Records from a collection
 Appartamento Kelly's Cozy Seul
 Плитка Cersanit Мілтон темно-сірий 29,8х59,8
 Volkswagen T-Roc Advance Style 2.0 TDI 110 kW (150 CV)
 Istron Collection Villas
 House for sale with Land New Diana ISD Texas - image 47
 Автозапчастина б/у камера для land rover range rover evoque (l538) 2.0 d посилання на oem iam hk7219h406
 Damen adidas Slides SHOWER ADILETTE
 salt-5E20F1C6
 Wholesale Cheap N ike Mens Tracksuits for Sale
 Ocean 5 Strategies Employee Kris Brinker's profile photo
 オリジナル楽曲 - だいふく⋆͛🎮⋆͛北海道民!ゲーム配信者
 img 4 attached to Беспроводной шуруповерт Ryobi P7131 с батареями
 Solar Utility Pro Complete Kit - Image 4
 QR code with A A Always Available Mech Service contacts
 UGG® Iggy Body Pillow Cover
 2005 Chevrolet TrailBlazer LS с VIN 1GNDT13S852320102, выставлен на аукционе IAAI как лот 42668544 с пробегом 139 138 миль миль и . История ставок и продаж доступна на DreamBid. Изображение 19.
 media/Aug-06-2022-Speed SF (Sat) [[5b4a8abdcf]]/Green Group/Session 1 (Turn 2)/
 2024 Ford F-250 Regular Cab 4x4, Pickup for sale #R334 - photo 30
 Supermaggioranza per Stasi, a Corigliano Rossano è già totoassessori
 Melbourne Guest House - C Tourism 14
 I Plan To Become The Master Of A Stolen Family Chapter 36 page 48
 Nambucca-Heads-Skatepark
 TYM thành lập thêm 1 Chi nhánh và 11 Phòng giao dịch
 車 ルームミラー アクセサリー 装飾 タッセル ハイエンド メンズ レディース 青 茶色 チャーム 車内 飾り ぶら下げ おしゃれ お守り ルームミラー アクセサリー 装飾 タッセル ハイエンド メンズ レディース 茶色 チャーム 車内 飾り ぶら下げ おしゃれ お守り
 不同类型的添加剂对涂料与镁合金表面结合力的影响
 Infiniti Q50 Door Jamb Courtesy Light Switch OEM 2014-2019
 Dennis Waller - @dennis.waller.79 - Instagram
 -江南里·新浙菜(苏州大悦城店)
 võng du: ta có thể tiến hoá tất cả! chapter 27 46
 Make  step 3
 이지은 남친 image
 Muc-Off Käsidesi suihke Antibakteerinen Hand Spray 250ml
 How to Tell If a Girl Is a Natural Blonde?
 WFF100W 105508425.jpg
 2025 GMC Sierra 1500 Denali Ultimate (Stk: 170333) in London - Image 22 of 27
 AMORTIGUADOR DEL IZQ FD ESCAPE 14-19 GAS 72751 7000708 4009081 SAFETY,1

> Exercise objective
Reproduce, with both ends included, the lines from the one holding "How to Tell If a Girl Is a Natural Blonde?" to the end of the records above.

> Answer to this task
 How to Tell If a Girl Is a Natural Blonde?
 WFF100W 105508425.jpg
 2025 GMC Sierra 1500 Denali Ultimate (Stk: 170333) in London - Image 22 of 27
 AMORTIGUADOR DEL IZQ FD ESCAPE 14-19 GAS 72751 7000708 4009081 SAFETY,1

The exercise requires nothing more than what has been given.